Para enfrentar esse tipo de violência, especialistas defendem ações integradas. Cleo Garcia enfatiza a importância do ambiente escolar na formação social e emocional dos jovens, com diálogo constante entre famílias e instituições. "Não sei se, no geral, profissionais de escolas estão preparados para trabalhar temas complexos de gênero, emoções e até mesmo convivência. E a culpa não é deles. É preciso mais investimento na área de educação", reflete.
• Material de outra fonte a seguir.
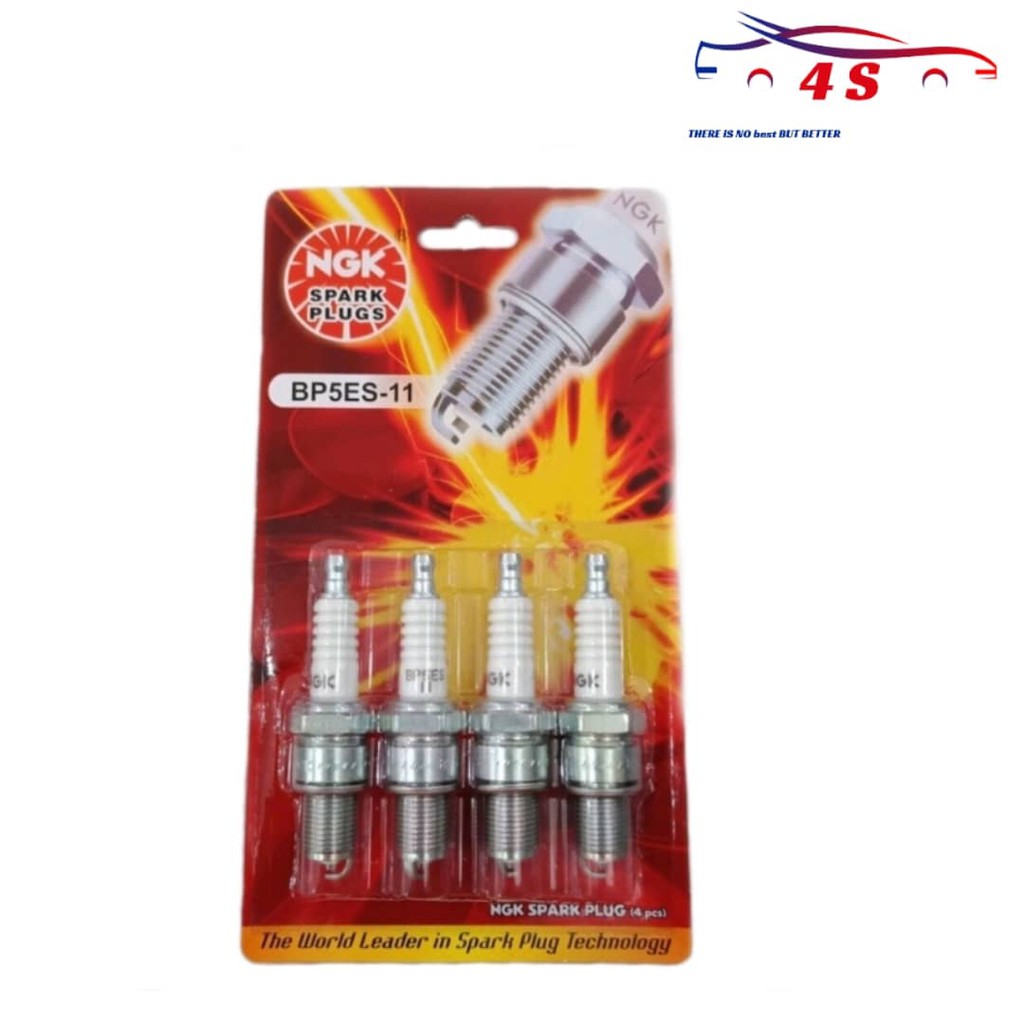 NGK BP5ES11 Spark Plug PROTON SAGA / ISWARA / WIRA (Fuel Injection) Shopee Malaysia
Lola Aronovich complementa que é necessário atuar em várias frentes, incluindo segurança pública, educação e regulação digital. "Outra coisa é a regulação das plataformas. Não é possível que elas permitam que tudo isso esteja acontecendo sem fazer nada. Temos pesquisas mostrando que as plataformas lucram com a misoginia e a radicalização dos jovens. Precisamos dar um fim nisso", afirma. A responsabilidade, concluem, é de toda a sociedade, exigindo investimentos em saúde mental, assistência social e políticas públicas eficazes.